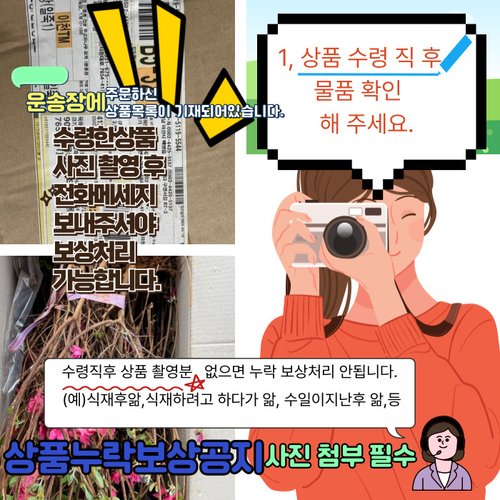 추가이미지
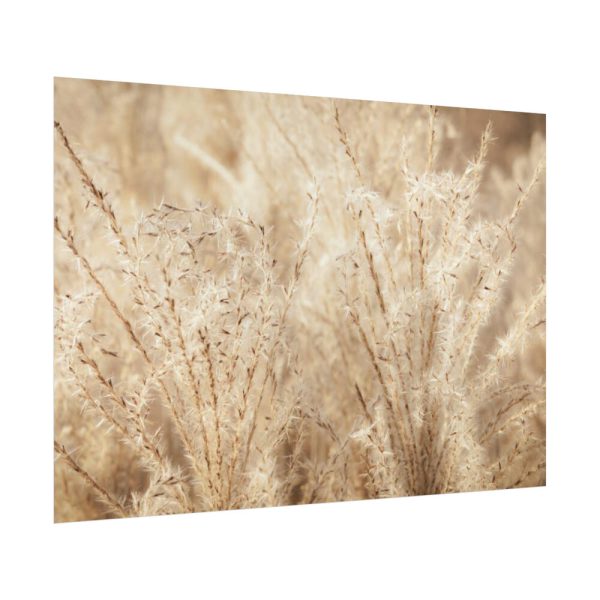 92409-781.jpg Wheat Crops Poster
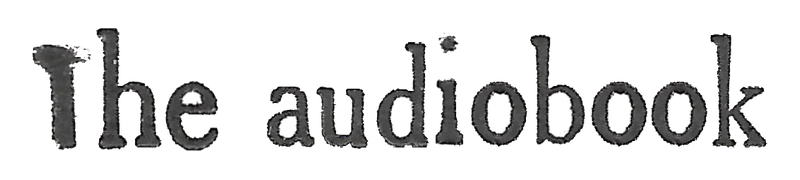 Text reading 'The audiobook' in black serif font on a plain background.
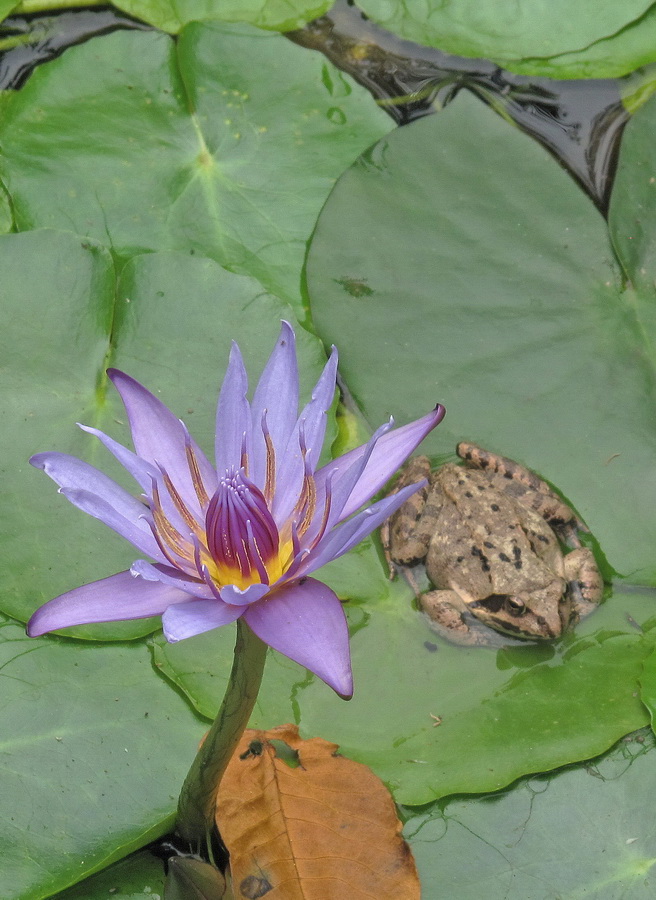 Image of Nymphaea nouchali var. caerulea specimen.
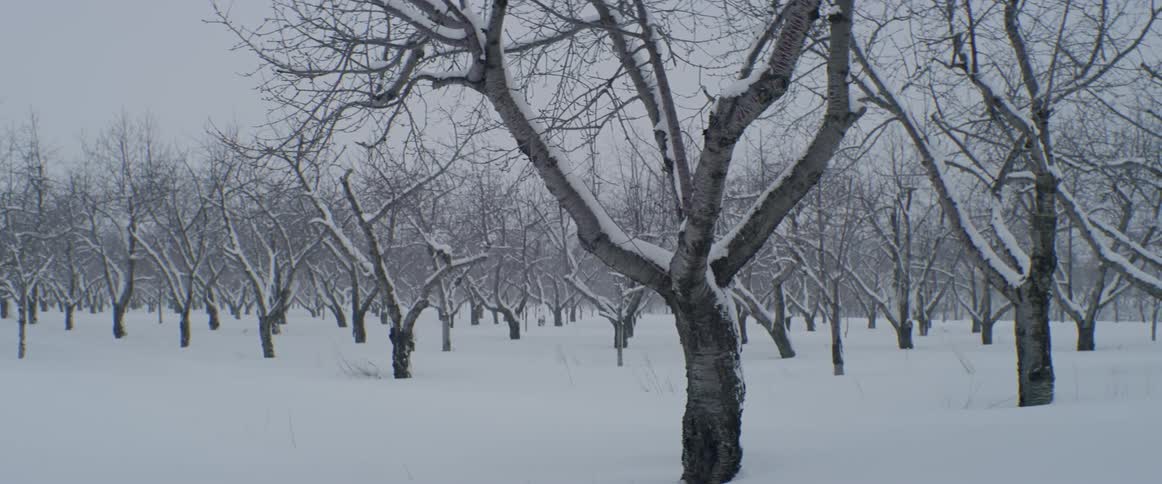 Snow blows through a stand of trees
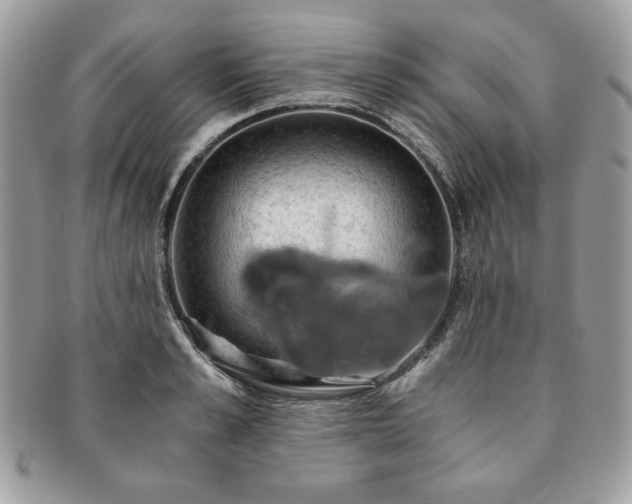 X0000091200989200708161610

________

• Goal of the exercise
Write out the material above precisely, leaving each picture behind.

• Output of the exercise
 추가이미지
 92409-781.jpg Wheat Crops Poster
 Text reading 'The audiobook' in black serif font on a plain background.
 Image of Nymphaea nouchali var. caerulea specimen.
 Snow blows through a stand of trees
 X0000091200989200708161610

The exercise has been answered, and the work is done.